Pollock worked at the well-loved Italian restaurant A Tavola before buying the dilapidated Irish restaurant Mulligan’s on unlovely Cleveland St and transforming upstairs into his home and the downstairs area into a homespun dining space. Here, he has introduced a modern-Italian menu informed by his years in the A Tavola kitchen and also brought in a sensibility of homespun values that extends to making, from scratch, as much as he can.

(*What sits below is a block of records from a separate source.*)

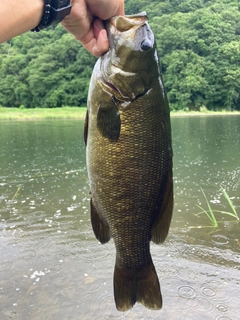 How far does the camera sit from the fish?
2.00 m

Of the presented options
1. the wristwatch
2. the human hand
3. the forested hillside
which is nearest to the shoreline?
the forested hillside

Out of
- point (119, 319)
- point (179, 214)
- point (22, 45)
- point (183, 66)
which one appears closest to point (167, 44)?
point (183, 66)

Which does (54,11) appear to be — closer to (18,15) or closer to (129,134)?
(18,15)

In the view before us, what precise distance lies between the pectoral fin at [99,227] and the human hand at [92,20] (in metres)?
1.01

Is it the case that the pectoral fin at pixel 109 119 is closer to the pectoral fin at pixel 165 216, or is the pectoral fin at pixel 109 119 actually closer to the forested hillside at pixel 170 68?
the pectoral fin at pixel 165 216

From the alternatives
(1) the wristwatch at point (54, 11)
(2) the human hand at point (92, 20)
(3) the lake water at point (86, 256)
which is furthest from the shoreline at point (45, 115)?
(1) the wristwatch at point (54, 11)

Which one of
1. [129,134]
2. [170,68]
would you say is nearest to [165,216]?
[129,134]

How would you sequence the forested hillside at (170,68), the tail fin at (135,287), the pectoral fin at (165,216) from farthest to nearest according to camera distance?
the forested hillside at (170,68) → the tail fin at (135,287) → the pectoral fin at (165,216)

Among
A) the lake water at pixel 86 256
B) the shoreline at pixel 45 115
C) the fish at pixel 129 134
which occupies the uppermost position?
the fish at pixel 129 134

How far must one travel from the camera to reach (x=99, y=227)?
228 cm

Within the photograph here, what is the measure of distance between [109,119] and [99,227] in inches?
29.1

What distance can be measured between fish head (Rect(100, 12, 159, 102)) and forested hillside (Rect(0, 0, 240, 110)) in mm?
55572

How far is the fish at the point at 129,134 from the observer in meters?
2.00

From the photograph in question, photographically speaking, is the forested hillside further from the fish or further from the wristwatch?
the fish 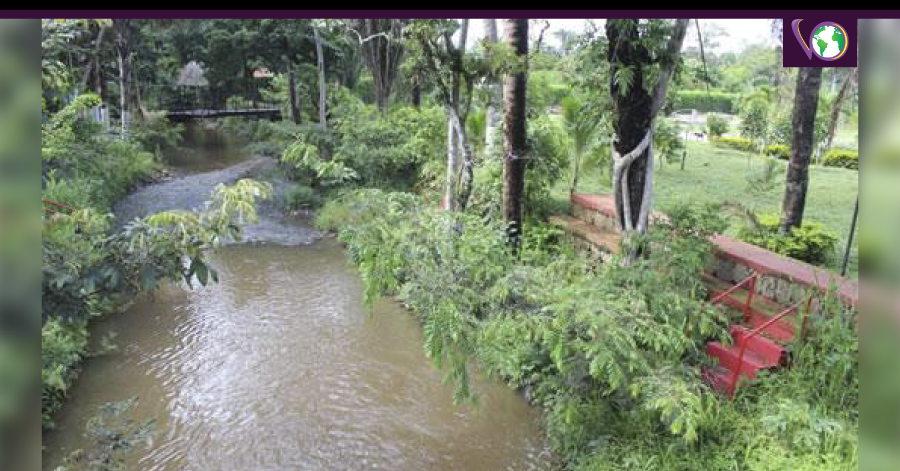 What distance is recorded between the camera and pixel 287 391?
5.55 metres

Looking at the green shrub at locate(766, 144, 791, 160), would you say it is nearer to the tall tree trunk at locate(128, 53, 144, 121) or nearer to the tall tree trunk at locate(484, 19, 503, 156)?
the tall tree trunk at locate(484, 19, 503, 156)

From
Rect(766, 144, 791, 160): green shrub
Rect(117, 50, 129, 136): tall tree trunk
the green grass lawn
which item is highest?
Rect(117, 50, 129, 136): tall tree trunk

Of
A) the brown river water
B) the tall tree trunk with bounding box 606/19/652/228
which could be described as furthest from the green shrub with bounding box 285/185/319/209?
→ the tall tree trunk with bounding box 606/19/652/228

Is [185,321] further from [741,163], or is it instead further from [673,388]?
[741,163]

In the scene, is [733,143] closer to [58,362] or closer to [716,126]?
[716,126]

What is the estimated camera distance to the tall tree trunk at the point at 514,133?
635 cm

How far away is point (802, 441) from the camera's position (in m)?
3.61

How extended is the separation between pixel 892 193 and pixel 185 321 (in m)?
7.32

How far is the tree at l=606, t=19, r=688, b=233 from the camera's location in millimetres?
4785

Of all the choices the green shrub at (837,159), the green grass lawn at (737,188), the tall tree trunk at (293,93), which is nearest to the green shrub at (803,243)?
the green grass lawn at (737,188)

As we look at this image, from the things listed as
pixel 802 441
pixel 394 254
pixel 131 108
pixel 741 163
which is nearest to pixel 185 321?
pixel 394 254

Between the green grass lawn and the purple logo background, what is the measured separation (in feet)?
17.3

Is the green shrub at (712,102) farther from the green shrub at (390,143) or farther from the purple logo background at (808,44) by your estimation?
the purple logo background at (808,44) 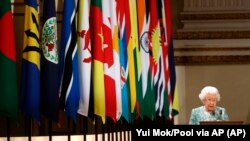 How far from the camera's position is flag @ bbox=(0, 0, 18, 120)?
4.05 meters

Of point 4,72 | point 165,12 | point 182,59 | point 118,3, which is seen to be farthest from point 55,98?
point 182,59

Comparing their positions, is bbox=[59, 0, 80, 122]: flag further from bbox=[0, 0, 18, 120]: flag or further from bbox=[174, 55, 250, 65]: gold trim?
bbox=[174, 55, 250, 65]: gold trim

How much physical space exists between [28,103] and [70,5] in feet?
3.35

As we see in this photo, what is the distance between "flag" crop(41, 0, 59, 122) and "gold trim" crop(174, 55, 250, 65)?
6.24 metres

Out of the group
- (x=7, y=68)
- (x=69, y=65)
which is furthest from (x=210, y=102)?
(x=7, y=68)

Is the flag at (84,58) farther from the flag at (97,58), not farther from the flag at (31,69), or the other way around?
the flag at (31,69)

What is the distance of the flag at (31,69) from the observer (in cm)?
443

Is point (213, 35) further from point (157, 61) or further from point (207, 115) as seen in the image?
point (157, 61)

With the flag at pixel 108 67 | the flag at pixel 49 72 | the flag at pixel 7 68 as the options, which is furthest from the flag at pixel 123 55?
the flag at pixel 7 68

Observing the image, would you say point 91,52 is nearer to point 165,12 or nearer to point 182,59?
point 165,12

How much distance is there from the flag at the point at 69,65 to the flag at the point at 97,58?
0.70ft

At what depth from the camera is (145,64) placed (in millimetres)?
7008

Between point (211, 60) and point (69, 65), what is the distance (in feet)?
20.5

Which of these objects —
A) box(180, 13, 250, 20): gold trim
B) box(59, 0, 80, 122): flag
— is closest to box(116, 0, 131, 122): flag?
box(59, 0, 80, 122): flag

Pick up a copy of his menu and on the reverse is a list of all the stuff Pollock makes himself, and it’s long. There are pickles and sourdough crackers, cultured cream and butter, chutney and relish, buttermilk, ricotta and yoghurt, preserved lemons, puff pastry, vincotto and mustard. The chef also grows his own sprouts and micro peas, radish and sunflowers. Effort? 10/10.
The menu itself is a charming mix of classic and contemporary, the sort of list that can offer comfort on a cold night without being boringly retrospective. Start with the chef’s excellent pickles ($8), a rustic mix of carrot, radish and cauliflower, with handmade bread and cultured butter ($3). Excellent.
Octopus with fennel and fermented chilli ($18), then, offers tender tentacles with a warming hint of heat, while roasted carrot triangoli ($15) sees sweet pureed carrot pumped into triangle-shaped ravioli in a classic burnt-butter and hazelnut sauce. Other pasta dishes include a lovely, full-bodied lamb ragout with supple, thin pappardelle ($26) spiked with sweet green olives.

Heartier dishes have a hint of modernity mixed with classic flavour. Fall-apart beef cheeks ($29) arrive with celeriac and brussels sprouts while a chicken maryland ($28) is served with cauliflower and wilted greens. A huge, rustic cos salad ($10) is studded with smoked almonds and dressed in buttermilk.
Like everything else, care has been taken with the wine list, with a thoughtful international selection that includes a lengthy wines-by-the-glass menu that is unusually good for a venue of this size.

If there’s a downside to Kindred, it’s in the peripheries — the room, minimally dressed with wooden furniture, can be draughty on cold nights and the spot itself is best described as emerging.
But that is compensated for by the fact that Pollock can really cook. His is food of flavour, care and value. And mostly it’s a venue that shines with homespun goodness. Spirit? Kindred has it in spades.